Required action:
Every entry in the listing below has to be transcribed exactly.

Dataset content: Begin

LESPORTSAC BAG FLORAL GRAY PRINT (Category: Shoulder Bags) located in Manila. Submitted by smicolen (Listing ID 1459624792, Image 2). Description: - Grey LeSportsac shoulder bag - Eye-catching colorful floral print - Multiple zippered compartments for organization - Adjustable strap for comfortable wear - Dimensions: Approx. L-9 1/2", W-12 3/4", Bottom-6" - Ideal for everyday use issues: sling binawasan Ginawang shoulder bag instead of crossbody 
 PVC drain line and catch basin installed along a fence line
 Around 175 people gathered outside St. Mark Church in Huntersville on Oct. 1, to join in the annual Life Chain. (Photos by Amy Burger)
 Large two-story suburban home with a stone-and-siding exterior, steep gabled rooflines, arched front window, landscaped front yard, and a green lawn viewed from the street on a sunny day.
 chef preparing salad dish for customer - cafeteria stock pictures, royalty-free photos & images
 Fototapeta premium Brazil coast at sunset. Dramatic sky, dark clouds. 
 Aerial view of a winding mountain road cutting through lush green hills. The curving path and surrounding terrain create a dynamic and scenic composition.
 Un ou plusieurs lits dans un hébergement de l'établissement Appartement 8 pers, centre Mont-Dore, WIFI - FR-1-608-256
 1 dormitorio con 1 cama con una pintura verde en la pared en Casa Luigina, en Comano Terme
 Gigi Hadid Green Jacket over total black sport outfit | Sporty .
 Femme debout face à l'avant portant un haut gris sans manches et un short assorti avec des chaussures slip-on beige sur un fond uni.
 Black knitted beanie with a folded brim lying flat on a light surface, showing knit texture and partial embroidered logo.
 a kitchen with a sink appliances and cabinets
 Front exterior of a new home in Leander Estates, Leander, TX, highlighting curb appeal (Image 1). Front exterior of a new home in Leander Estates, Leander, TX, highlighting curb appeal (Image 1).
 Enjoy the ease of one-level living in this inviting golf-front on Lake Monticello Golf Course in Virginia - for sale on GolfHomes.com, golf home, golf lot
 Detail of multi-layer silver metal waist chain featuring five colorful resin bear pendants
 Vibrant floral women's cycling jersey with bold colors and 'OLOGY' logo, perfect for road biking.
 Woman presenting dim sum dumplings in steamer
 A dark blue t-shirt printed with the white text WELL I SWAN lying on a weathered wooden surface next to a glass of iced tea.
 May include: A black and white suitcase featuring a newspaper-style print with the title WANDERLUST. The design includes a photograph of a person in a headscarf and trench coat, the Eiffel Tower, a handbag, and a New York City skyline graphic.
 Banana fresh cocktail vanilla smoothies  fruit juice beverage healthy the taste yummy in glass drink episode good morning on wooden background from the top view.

Dataset content: End

Finished exercise:
LESPORTSAC BAG FLORAL GRAY PRINT (Category: Shoulder Bags) located in Manila. Submitted by smicolen (Listing ID 1459624792, Image 2). Description: - Grey LeSportsac shoulder bag - Eye-catching colorful floral print - Multiple zippered compartments for organization - Adjustable strap for comfortable wear - Dimensions: Approx. L-9 1/2", W-12 3/4", Bottom-6" - Ideal for everyday use issues: sling binawasan Ginawang shoulder bag instead of crossbody 
 PVC drain line and catch basin installed along a fence line
 Around 175 people gathered outside St. Mark Church in Huntersville on Oct. 1, to join in the annual Life Chain. (Photos by Amy Burger)
 Large two-story suburban home with a stone-and-siding exterior, steep gabled rooflines, arched front window, landscaped front yard, and a green lawn viewed from the street on a sunny day.
 chef preparing salad dish for customer - cafeteria stock pictures, royalty-free photos & images
 Fototapeta premium Brazil coast at sunset. Dramatic sky, dark clouds. 
 Aerial view of a winding mountain road cutting through lush green hills. The curving path and surrounding terrain create a dynamic and scenic composition.
 Un ou plusieurs lits dans un hébergement de l'établissement Appartement 8 pers, centre Mont-Dore, WIFI - FR-1-608-256
 1 dormitorio con 1 cama con una pintura verde en la pared en Casa Luigina, en Comano Terme
 Gigi Hadid Green Jacket over total black sport outfit | Sporty .
 Femme debout face à l'avant portant un haut gris sans manches et un short assorti avec des chaussures slip-on beige sur un fond uni.
 Black knitted beanie with a folded brim lying flat on a light surface, showing knit texture and partial embroidered logo.
 a kitchen with a sink appliances and cabinets
 Front exterior of a new home in Leander Estates, Leander, TX, highlighting curb appeal (Image 1). Front exterior of a new home in Leander Estates, Leander, TX, highlighting curb appeal (Image 1).
 Enjoy the ease of one-level living in this inviting golf-front on Lake Monticello Golf Course in Virginia - for sale on GolfHomes.com, golf home, golf lot
 Detail of multi-layer silver metal waist chain featuring five colorful resin bear pendants
 Vibrant floral women's cycling jersey with bold colors and 'OLOGY' logo, perfect for road biking.
 Woman presenting dim sum dumplings in steamer
 A dark blue t-shirt printed with the white text WELL I SWAN lying on a weathered wooden surface next to a glass of iced tea.
 May include: A black and white suitcase featuring a newspaper-style print with the title WANDERLUST. The design includes a photograph of a person in a headscarf and trench coat, the Eiffel Tower, a handbag, and a New York City skyline graphic.
 Banana fresh cocktail vanilla smoothies  fruit juice beverage healthy the taste yummy in glass drink episode good morning on wooden background from the top view.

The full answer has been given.